Preparing Your Cat for a Bath

Before bathing your cat, there are a few steps you need to take in preparation.

1. Trim Your Cat’s Nails

During bath time, your cat may grow understandably upset. It may lash out and scratch you by accident, so in addition to wearing rubber gloves and long sleeves, it can help to trim its nails beforehand.

cat having nails trimmed
Image Credit: RJ22, Shutterstock

2. Don’t Forget to Brush

Brushing your cat’s fur before bathing can help remove clumps of hair to keep them from going down your drain.

3. Offer Some Traction

The bottom of a tub or sink is sleek and slippery. If your cat cannot find traction and stand on its own legs, it may panic even more, making the bathing process difficult. By placing a towel or mat at the bottom of the tub, your cat can find its footing much easier.

cat looking scared and hating bath time
Image Credit: JSep, Shutterstock

4. Find the Right Timing

If your cat is full of energy or agitated, it is probably not the right time for a bath. Try to time baths when your cat is calm.

How to Bathe Your Cat

Bathing your cat can be tricky, but it doesn’t have to be. If you follow these steps, it can make your experience much smoother.

1. Introduce Your Cat to Water

Bathing will be much easier if you can introduce your cat to water over several days or weeks. First, get your cat used to the tub. Give it treats while it is in the tub because if it can create positive associations with the tub early on, the cat will be less hesitant to be in it during bath time. Later, try dipping your cat’s toes into the water, taking it out, and giving him a treat.

2. Place Your Cat in the Water

Gradually lower your cat into the water, petting it soothingly and talking in a calm voice. Do your best to keep your pet calm.

bathing cat
Image Credit: ilmarinfoto, Shutterstock

3. Wet Your Cat’s Fur

With your pitcher or ladle, gently pour water over your cat. Avoid the face, as this will startle your cat.

4. Lather in the Shampoo

Once your cat’s fur is wet, start lathering in the shampoo. Follow the instructions on the shampoo to determine how long you should keep the suds on its coat. Once you are done, rinse the shampoo away entirely.

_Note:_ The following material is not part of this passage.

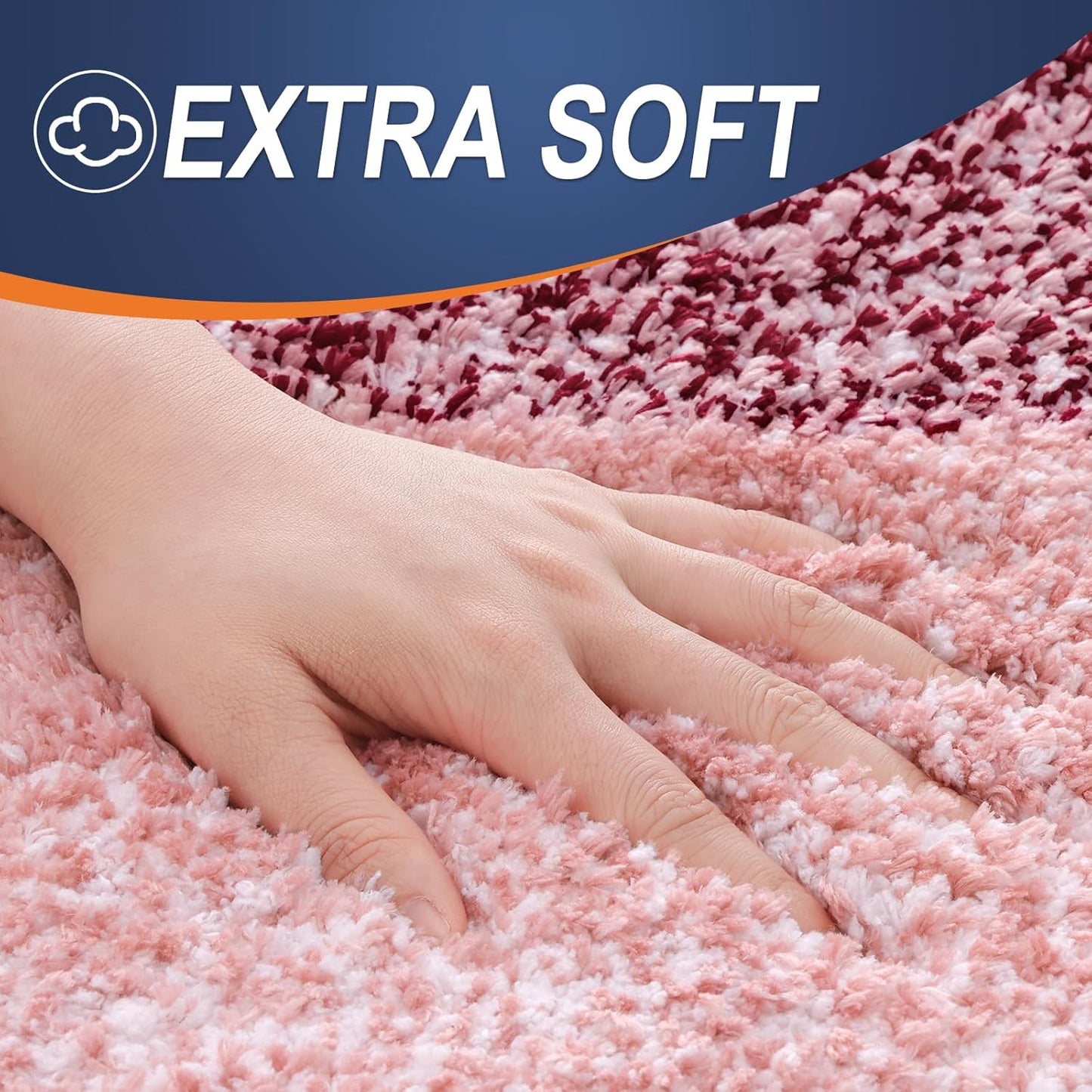 OLANLY Bathroom Runner Rug - Extra Soft Microfiber Mat, Quick Dry & Washable, 59x20 Inches, Red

Do not use human or canine shampoo for your cat. Cats require shampoo that is pH-balanced for them. If you use a shampoo that is not appropriate for them, it can cause serious issues for their skin.

Girl washes cat in the bath
Image Credit: Olleg, Shutterstock

5. Clean the Face

You will want to be extra gentle here because most cats do not enjoy their faces being touched. The soft washcloth can be used to gingerly wipe your cat’s face, and the cotton balls can be used to clean the outside of its ears.

Drying Your Cat

cat bath
Image Credit: KDdesignphoto, Shutterstock

Finally, bath time is over! Your cat may want to get out and run, but you’ll need to dry it off first. Towels are the best way to dry off cats, as most cats do not like the sound of a hairdryer. Plus, hairdryers can be too hot for cats, so if you do use one, make sure to use it on a lower, cooler setting.

After the Bath

Once your cat is clean and dry, be sure to take time to recognize how brave it’s been. Give it lots of treats, praise, and affection for all its effort. Positively reinforcing bath time can also help to make the next bath time a less harrowing experience. If your cat trusts that there will be rewards after the bath, it may begin to associate bath time with the experience after rather than the scariness of the water.

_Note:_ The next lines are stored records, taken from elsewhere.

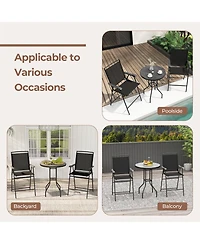 Gymax 3 Pcs Outdoor Bar Stool Set Dpc Tabletop Umbrella Hole and Footrest 2 Chairs
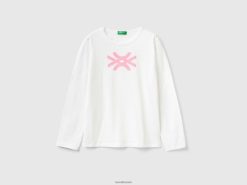 hvit Benetton barn langermet t-skjorte i 100 % bomull 20TRB5255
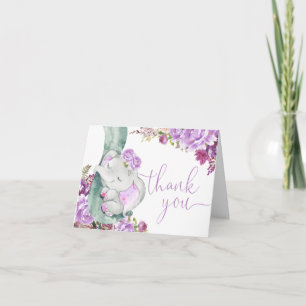Cute elephant lila lavender blommigt - vattenfärg tack kort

Many people say that cats and water do not mix, and perhaps that is true to some extent. However, bathing your cat in water is necessary from time to time. Helping your cat grow accustomed to bath time is the best way to make the entire process smoother. Your cat may never entirely love water or bath time, but it can learn to be patient and accept the temporary discomfort if there are rewards involved at the end.